-- PROBLEM REQUIREMENTS --
Using the material that follows, output exactly the lines from the one containing "Army Camouflage Vinyl Pattern" through the one containing "Youth Oakland Raiders", with both ends kept.

-- INFORMATION SHOWN --
========================================================================

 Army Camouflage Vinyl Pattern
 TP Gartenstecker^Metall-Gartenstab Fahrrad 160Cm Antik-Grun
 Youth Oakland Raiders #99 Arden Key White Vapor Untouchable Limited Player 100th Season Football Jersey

========================================================================

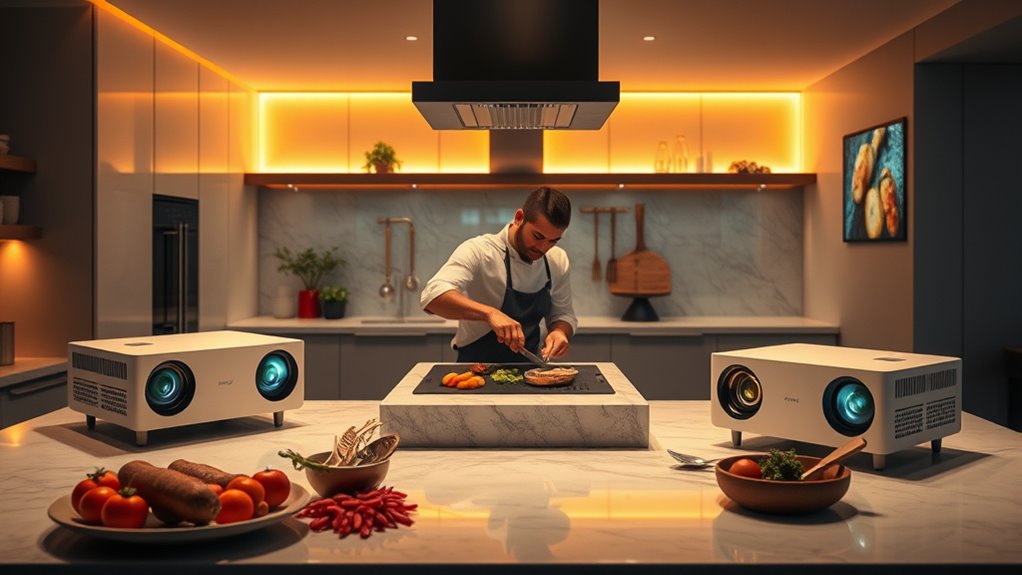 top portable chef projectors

========================================================================

-- SOLUTION BELOW --
 Army Camouflage Vinyl Pattern
 TP Gartenstecker^Metall-Gartenstab Fahrrad 160Cm Antik-Grun
 Youth Oakland Raiders #99 Arden Key White Vapor Untouchable Limited Player 100th Season Football Jersey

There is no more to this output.